Trust, but Verify! Better Entity Linking through Automatic Verification by Benjamin Heinzerling, Michael Strube, and Chin-Yew Lin has been accepted at EACL 2017.
Building on work done during a research internship at Microsoft Research Asia, the paper introduces a method for automatically verifying the results produced by an entity linking system, i.e., deciding whether a given entity mention has been linked to the correct entry in a knowledge base such as Wikipedia, or not.
The authors propose three knowledge-rich coherence measures that take into account geographic, temporal, and entity type information, and show that they can be used effectively to improve entity linking results.
For example, consider this beginning of a news article:
DUBLIN 1996-08-31 Result of the Tattersalls Breeders Stakes , a race for two-year-olds run over six furlongs at The Curragh…
While this article is clearly about a horse race in Ireland, current entity linking systems will happily link the entity mention Breeders Stakes to the Wikipedia entry about a Canadian horse race of the same name, since this is the best match, and the Irish horse race doesn't have a Wikipedia entry.

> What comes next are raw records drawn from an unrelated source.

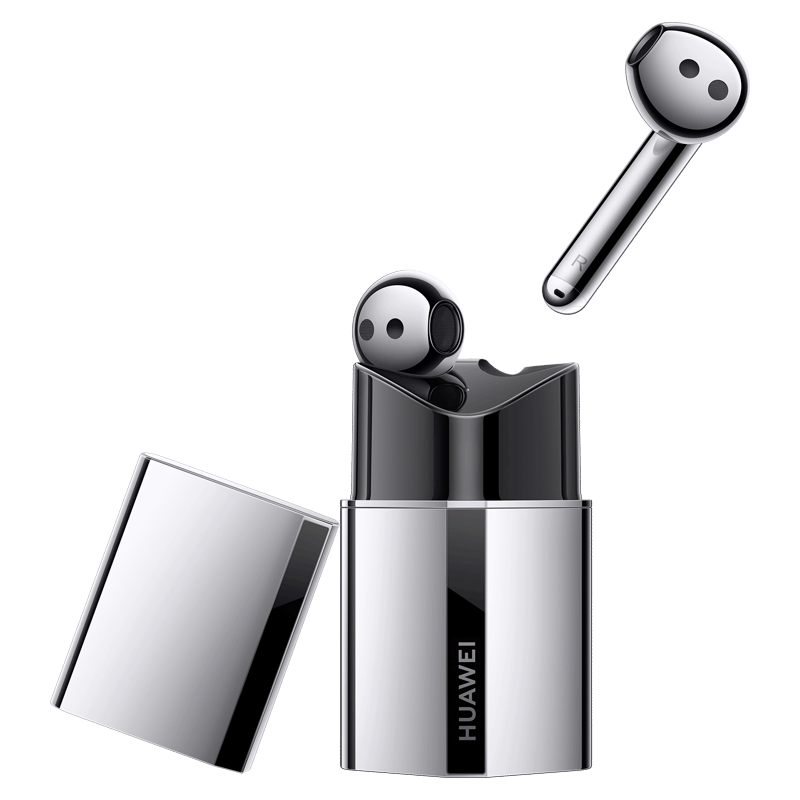 华为(HUAWEI)FreeBuds Lipstick 有线充版冰霜银口红外观设计半开放主动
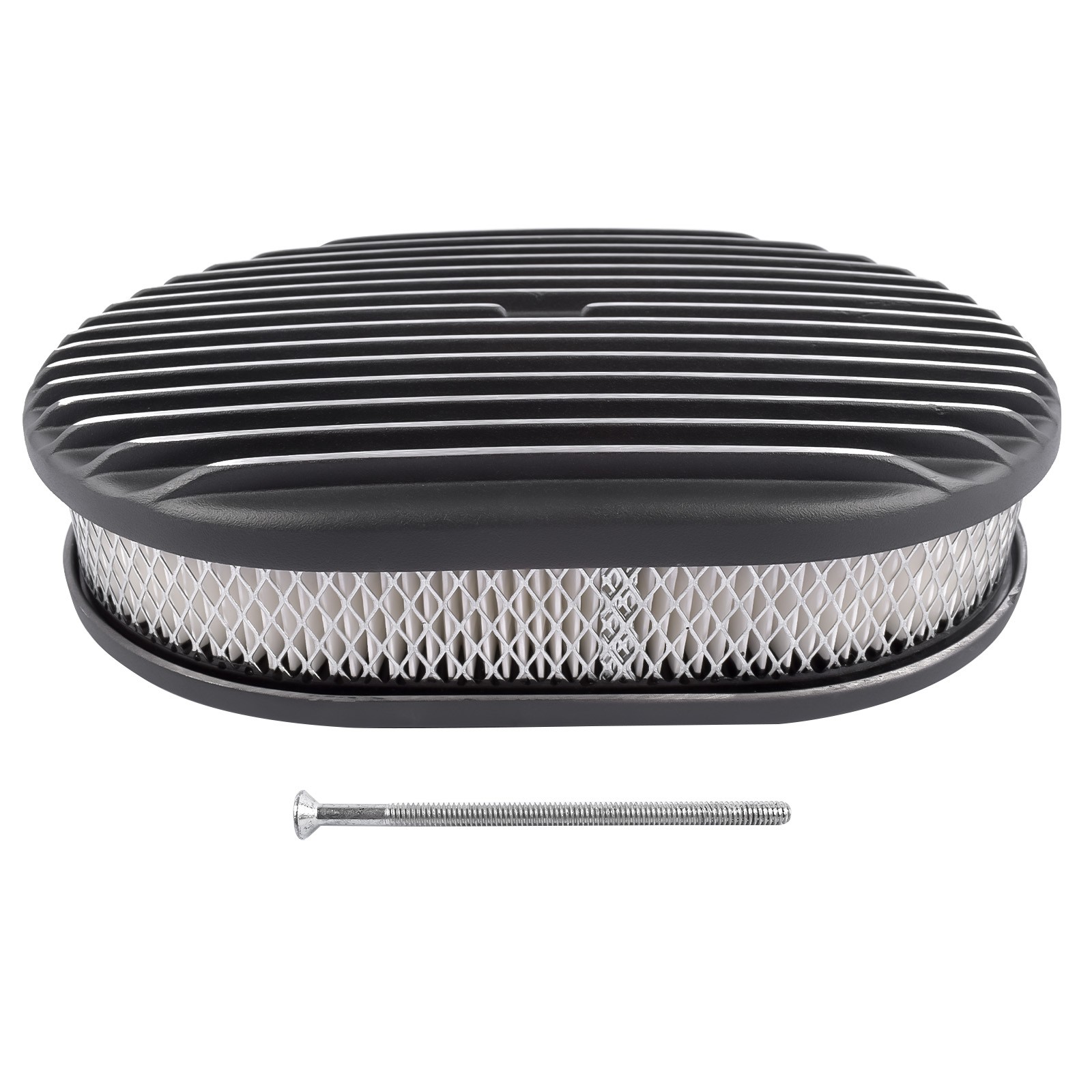 12 Inch Oval Fully Finned Black Aluminum 4 Barrel Air Cleaner 5-1/8 Inch for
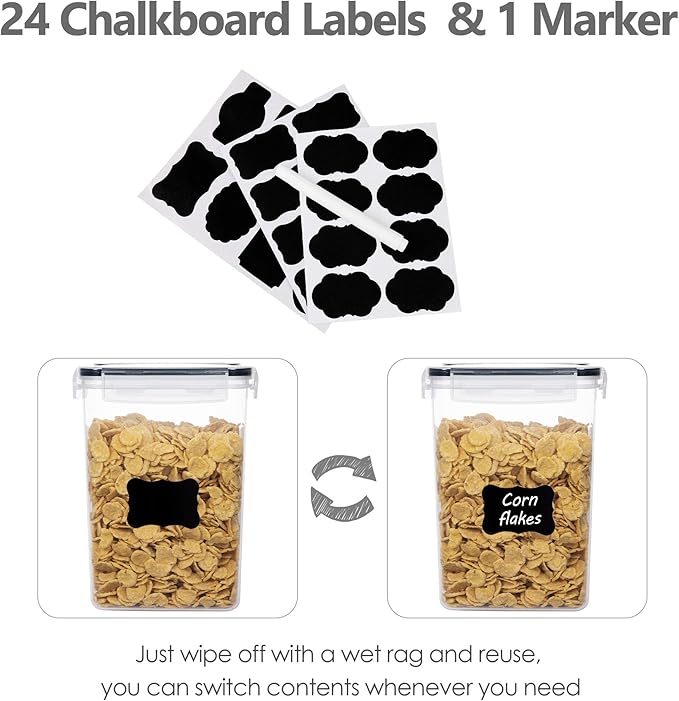 CHEFSTORY Airtight Food Storage Containers with Lids, 8 PCS Plastic Storage Canisters for Kitchen & Pantry Organization,Dry Food Canisters for Flour, Sugar and Cereal
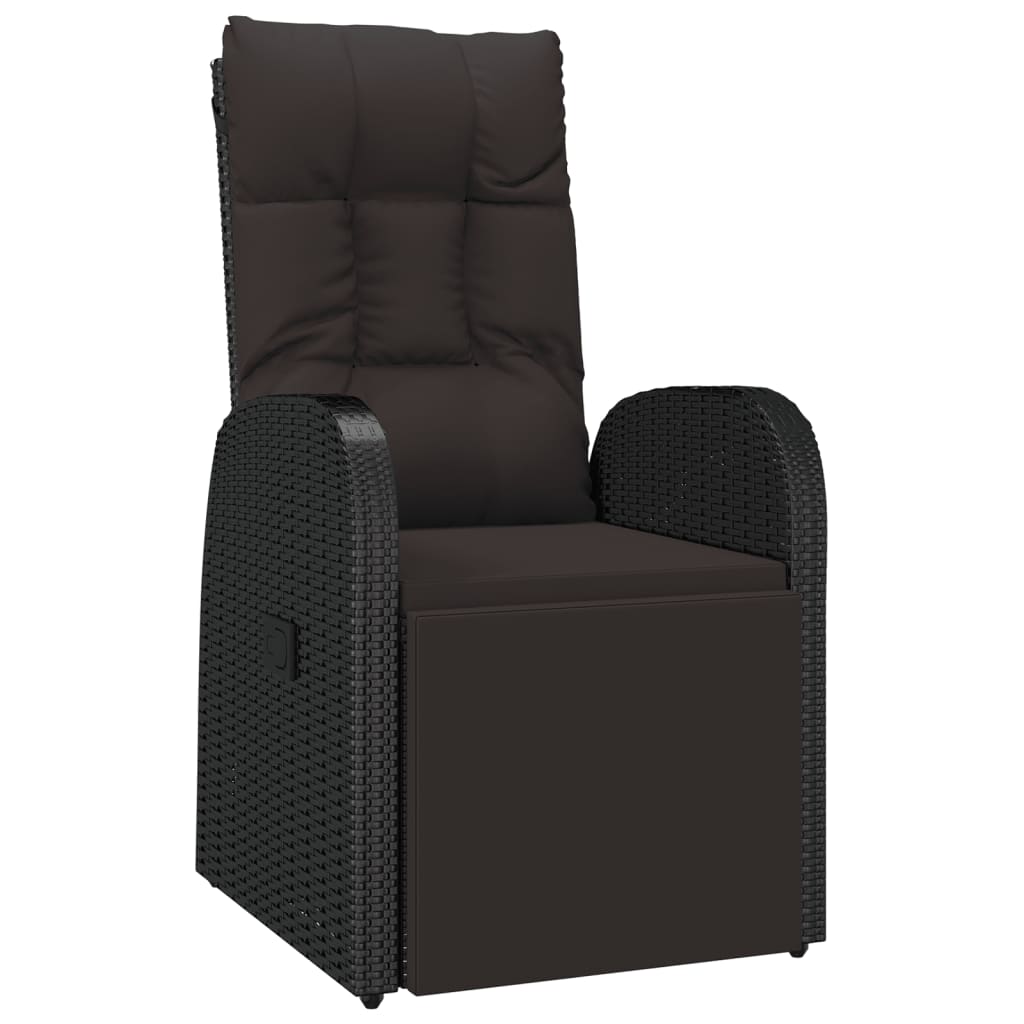 Black Poly Rattan Reclining Garden Chair with Cushions
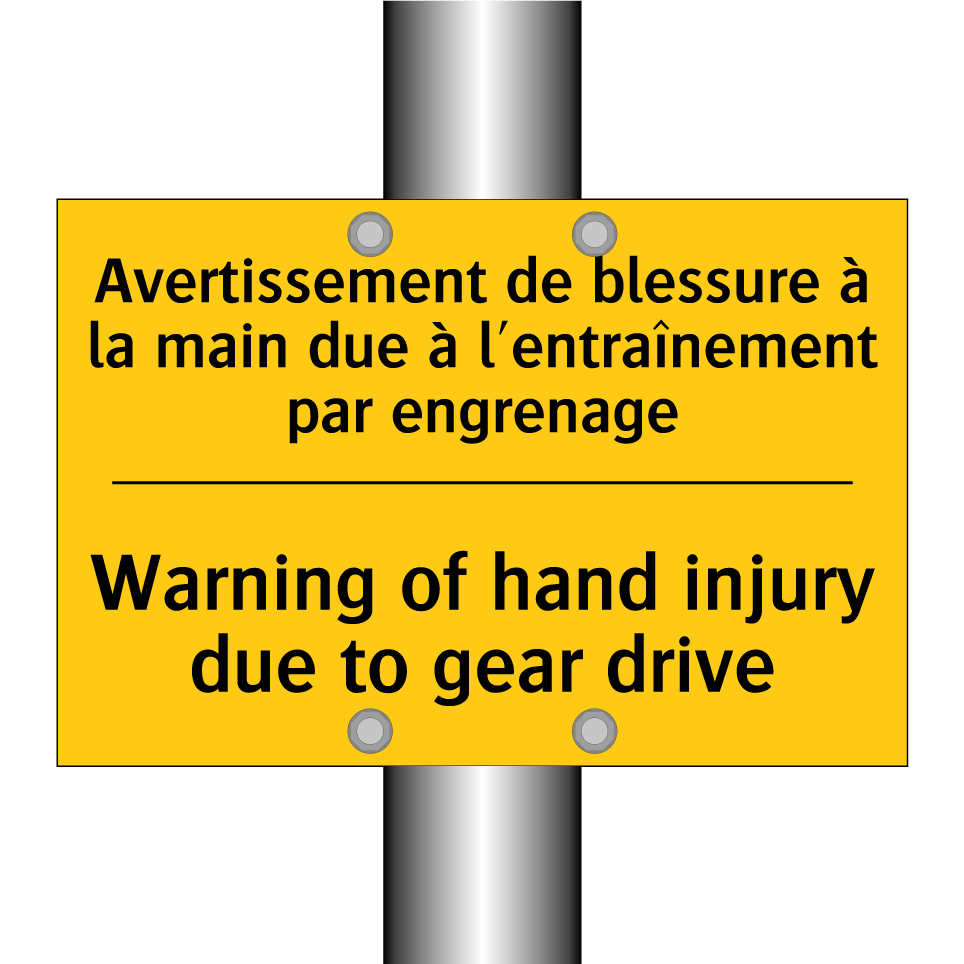 Avertissement de blessure à la  /.../ - Warning of hand injury due to  /.../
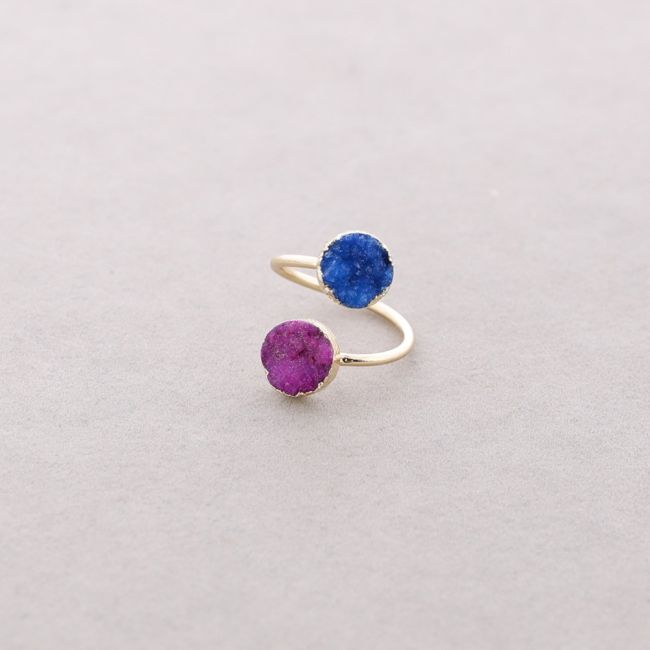 BRONZE DOUBLE STONE DRUSE RING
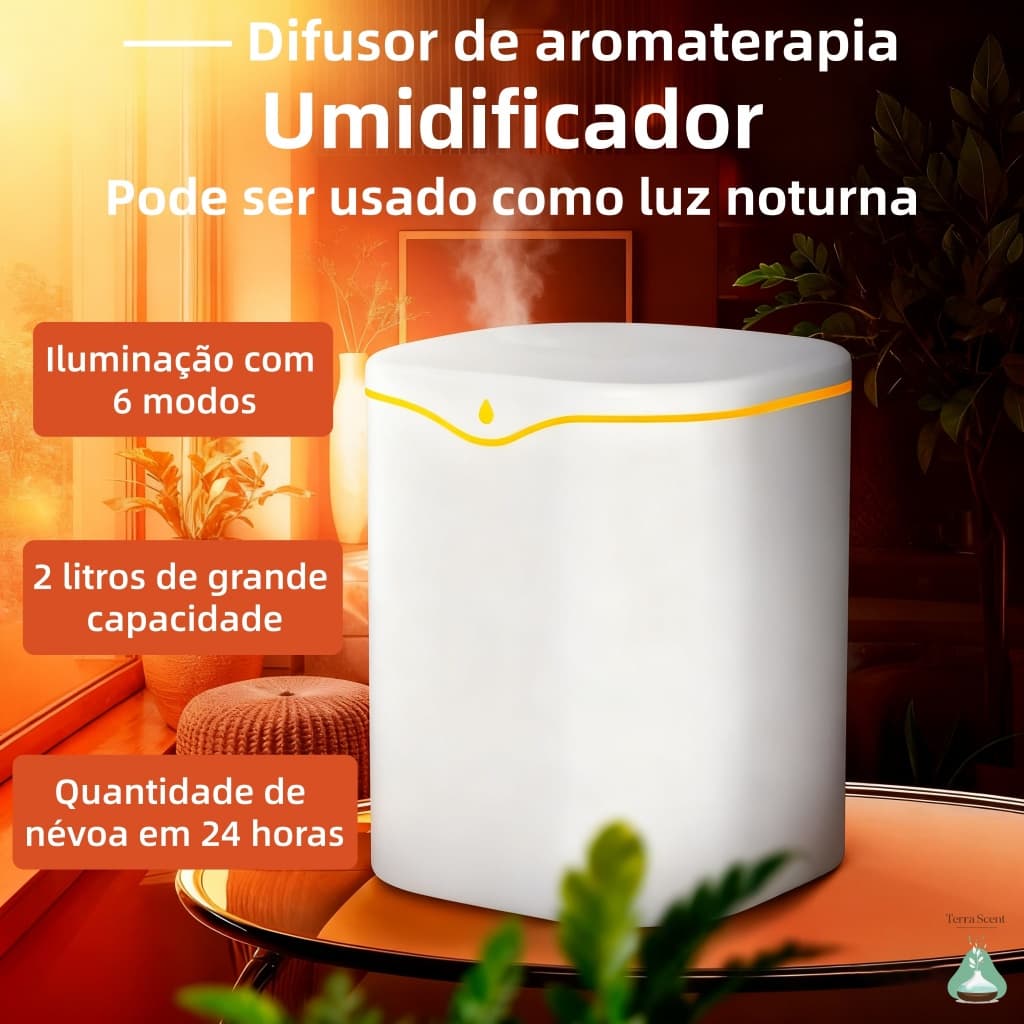 Umidificador Grande 2 Litros Com Saída Dupla Luzes LED's Coloridas Silencioso e Neblinas Controláveis 2000ML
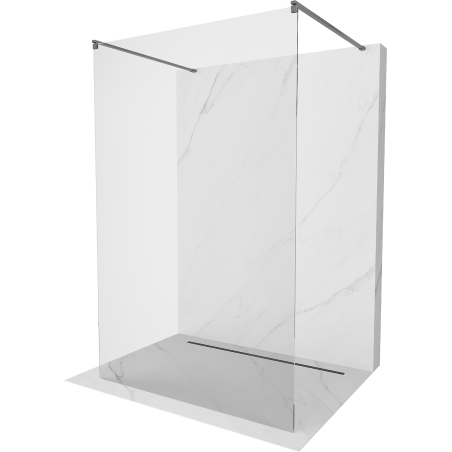 Mexen Kioto paroi de douche autoportante 145 x 200 cm, transparent 8 mm, gris canon brossé - 800-145-002-66-00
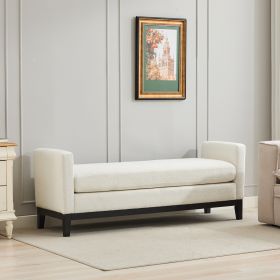 66.34"W Elegant Upholstered Bench,Daybed, Ottoman with Wood Legs & 2 Bolster Pillows for End of Bed, Bedroom, Living Room, Entryway,Ivory Boucle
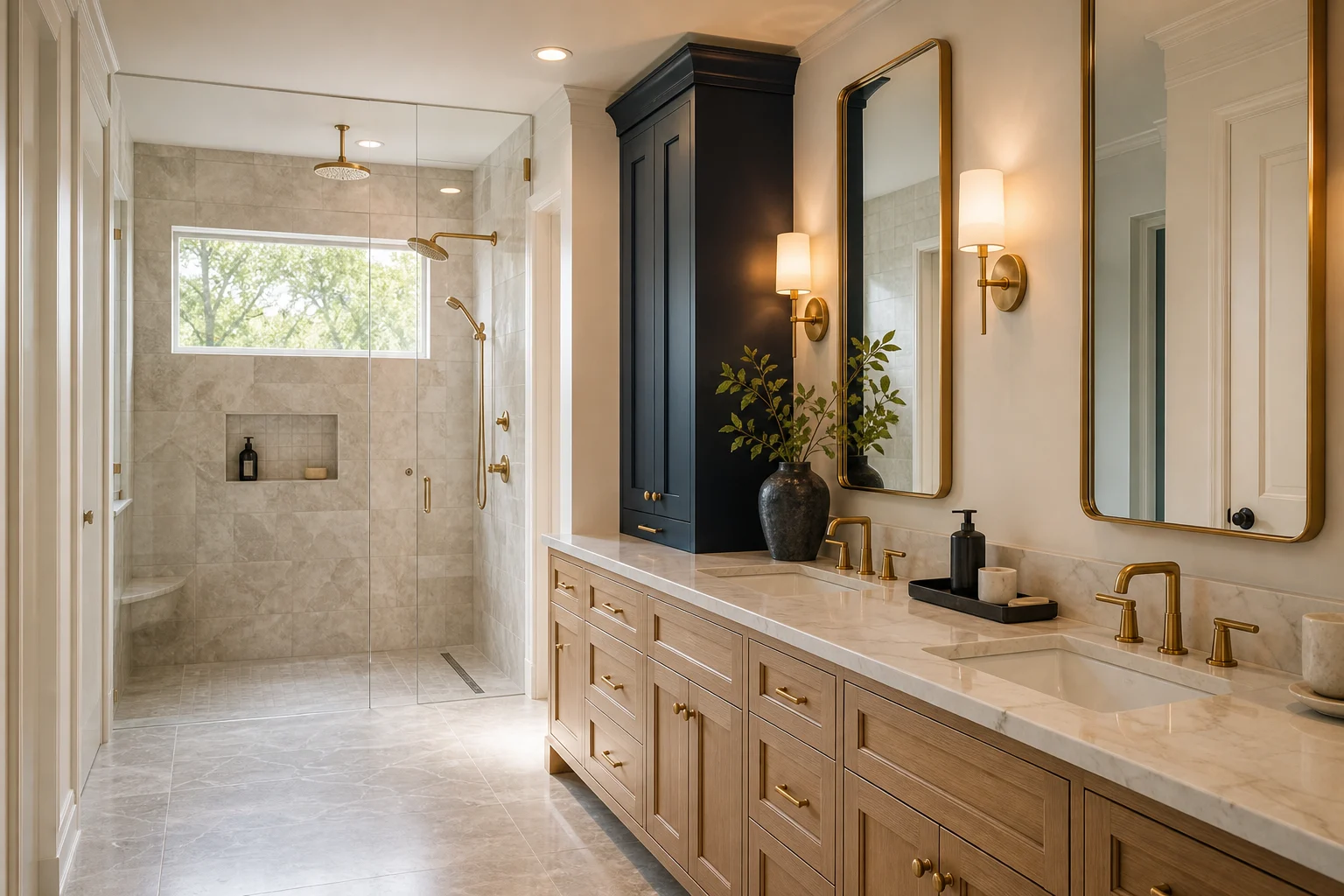 Bathroom Renovation In Leesburg, Va: A Planning Guide 1 | Award Winning Interior Designers Washington Dc &Amp; Northern Virginia Areas Curbless shower, warm wood vanity, navy cabinetry, and brass fixtures in a Leesburg bathroom renovation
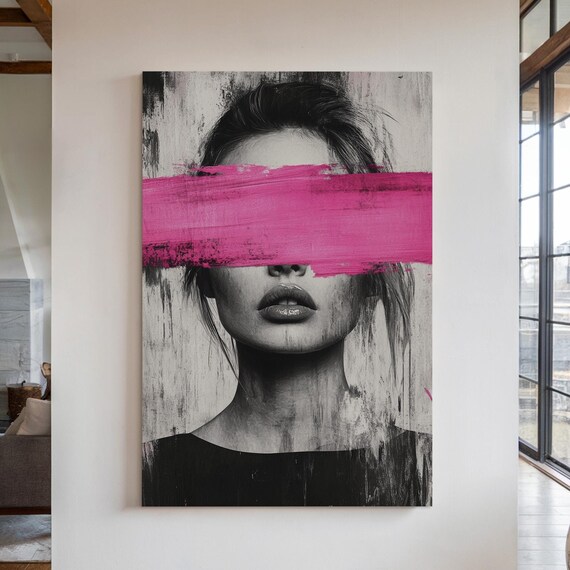 Abstract Portrait Art With Bold Pink Brushstroke Modern Wall Art For Stylish Home Decor Black And White With Color Pop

For computational reasons, current systems do not consider geographic, temporal or other aspects of coherence directly. Instead they optimize a generic notion of coherence based on semantic relatedness. In cases like the example above, this can be misleading: Even though the Canadian horse race shows high semantic relatedness to Tattersalls (a race horse auctioner based in the UK and Ireland) and The Curragh (a famous horse race track in Ireland), low geographic coherence is evidence for a potential error.
The proposed automatic verification method avoids the computational issues limiting current systems and allows incorporating knowledge-rich aspects such as geographic coherence, which would be infeasible otherwise.